Right now I have a simple production setup of python-socketio served on top of eventlet according to the documentation.

This application interacts mainly with Redis using official redis-py package and right now the eventlet pool size is 2048( I would bet it is just a legacy number that was magically chosen a long time ago). Each handler performs quite a few calls to redis.(2-3 on average) It uses python 3.10, has redis==4.5.5 and runs on the latest version of python-socketio==5.10.0 and eventlet==0.33.0.
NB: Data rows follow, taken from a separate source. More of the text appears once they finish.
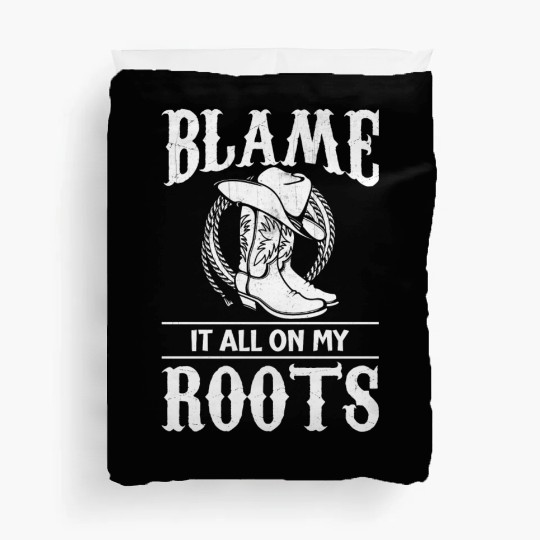 Blame It All On My Roots - Cowboy Boots Cowgirl Duvet Covers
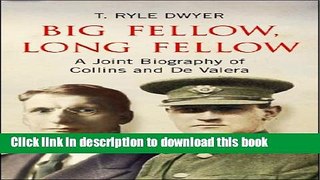 Read Big Fellow, Long Fellow. A Joint Biography of Collins and De Valera: A Joint Biography of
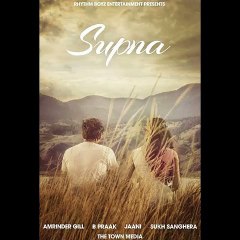 Amrinder Gill - Supna official Audio Full Song HD - Punjabi Songs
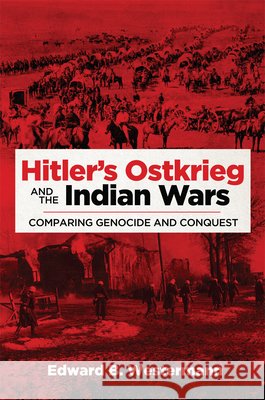 Hitler's Ostkrieg and the Indian Wars: Comparing Genocide and Conquest Edward B. Westermann 9780806164670 University of Oklahoma Press - książka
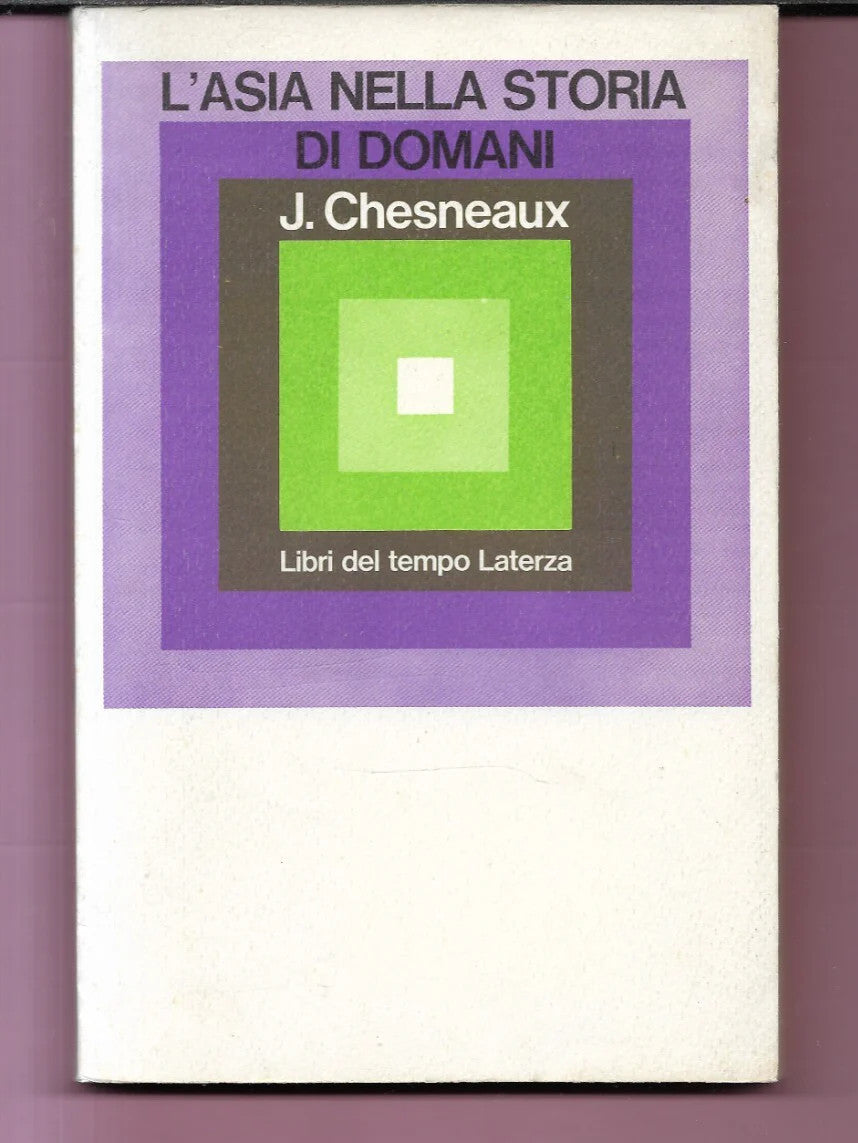 L'ASIA NELLA STORIA DI DOMANI J. CHESNAUX 1967 LATERZA EDITORI
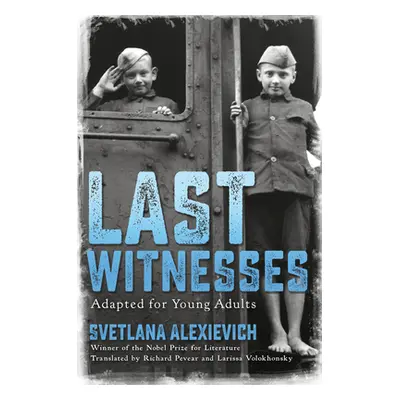 "Last Witnesses (Adapted for Young Adults)" - "" ("Alexievich Svetlana")(Library Binding)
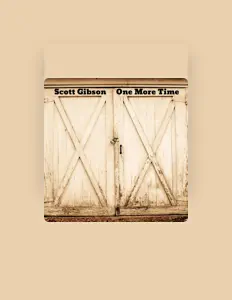 Listen to Scott Gibson, watch music videos, read bio, see tour dates & more!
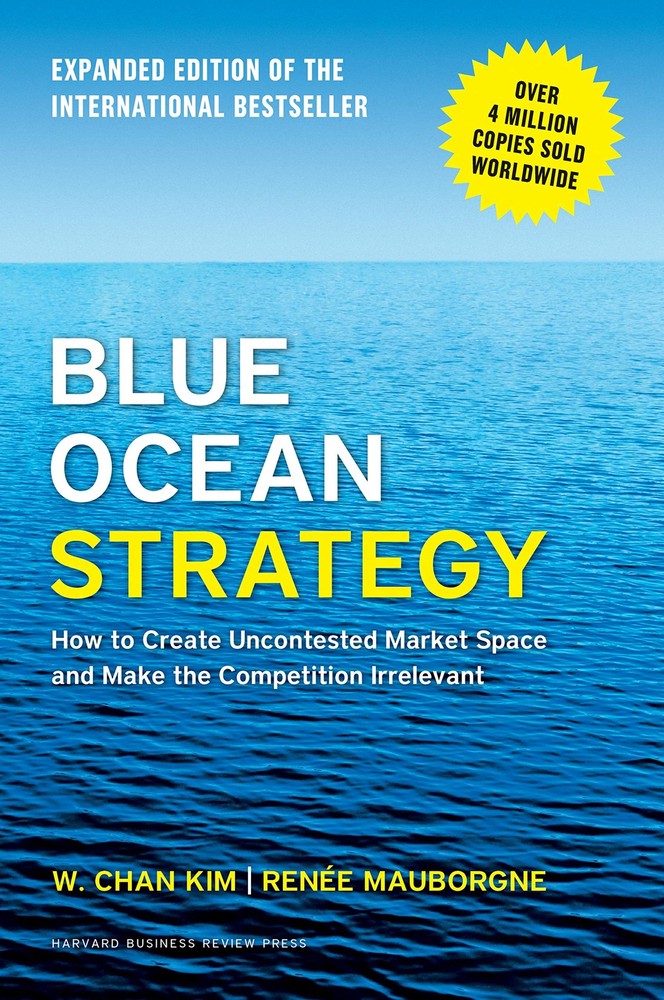 Blue Ocean Strategy, Expanded Edition: How to Create Uncontested Market Spac…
We can imagine a simplified version of server app as ⬇️

# server.py
import eventlet

eventlet.monkey_patch()

import socketio
import redis

eventlet_pool = eventlet.GreenPool(2048)

redis_client = redis.Redis(
    host="localhost",
    port=6379,
    socket_timeout=0.1
)

sio = socketio.Server(
    ping_timeout=60,
    ping_interval=60,
    debug=False,
    logging=False
)
app = socketio.WSGIApp(sio, socketio_path="socket.io")


@sio.event
def connect(sid, *args, **kwargs):
    print("Connected")
    return True


@sio.on("message")
def handle_message(sid, key, **kwargs):
    redis_client.get(key)
    return True


if __name__ == "__main__":
    eventlet.wsgi.server(
        eventlet.listen(("", 7777)),
        app,
        custom_pool=eventlet_pool,
        debug=False,
    )

Under a significant load, this application works fine if it is one user. It can handle thousands of "message" events. The only affected thing is gonna be back pressure on latency, which is fine.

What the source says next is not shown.